## THE INPUT:

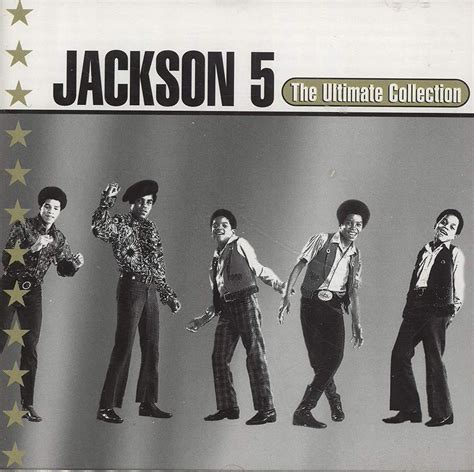 The Jackson 5 The Ultimate Collection Cd Music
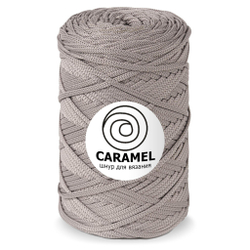 Шнур Caramel, 5мм, 200м, 100% полиэфир (1 шт.)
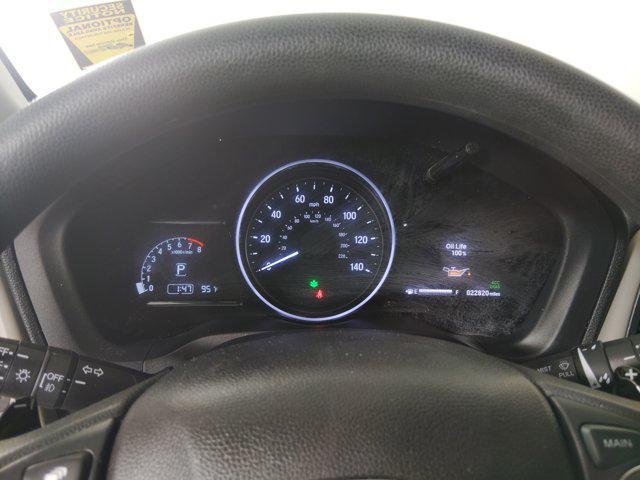 used 2022 Honda HR-V car, priced at $23,499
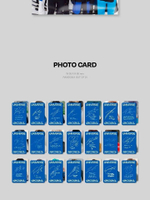 Альбом NCT - Universe 3rd Album PHOTOBOOK Version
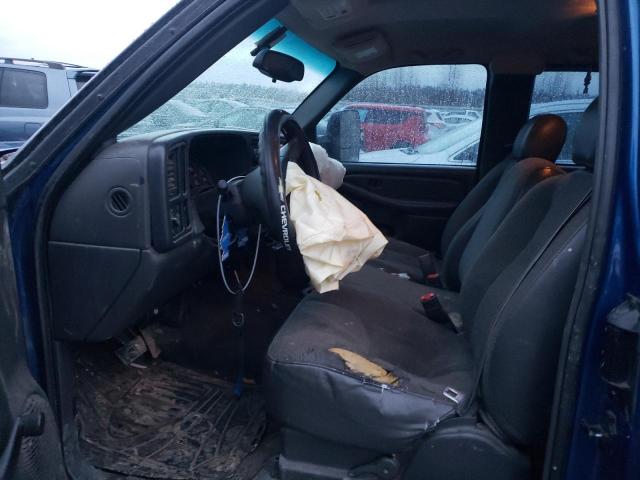 Photo 7 from auction – 2003 CHEVROLET SILVERADO with VIN 2GCEC19X031403066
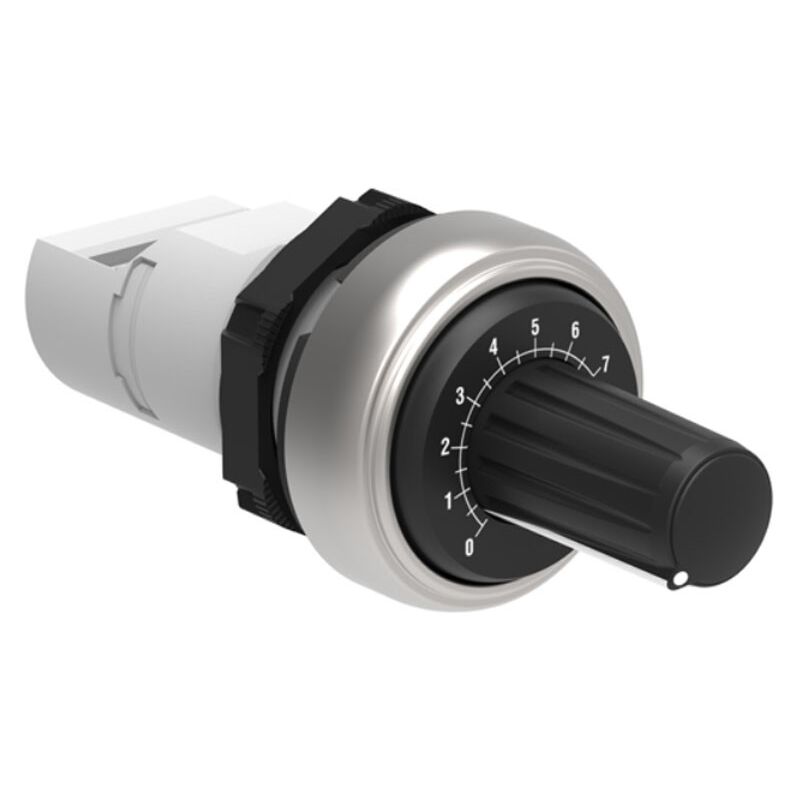 foto del prodotto potenziometro monoblocco lovato 5kohm lpcpa005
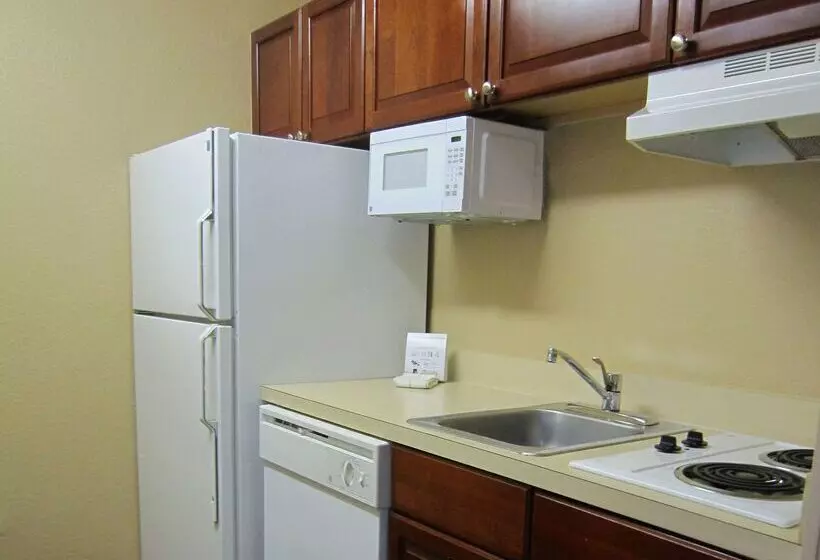 酒店 Extended Stay America Suites Dallas Vantage Point Dr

## REQUIRED WORK:
Give the lines again word for word, from the start of the records to the line holding "Альбом NCT - Universe", both included, and leave out any picture.

## OUTPUT OF THE EXERCISE:
 The Jackson 5 The Ultimate Collection Cd Music
 Шнур Caramel, 5мм, 200м, 100% полиэфир (1 шт.)
 used 2022 Honda HR-V car, priced at $23,499
 Альбом NCT - Universe 3rd Album PHOTOBOOK Version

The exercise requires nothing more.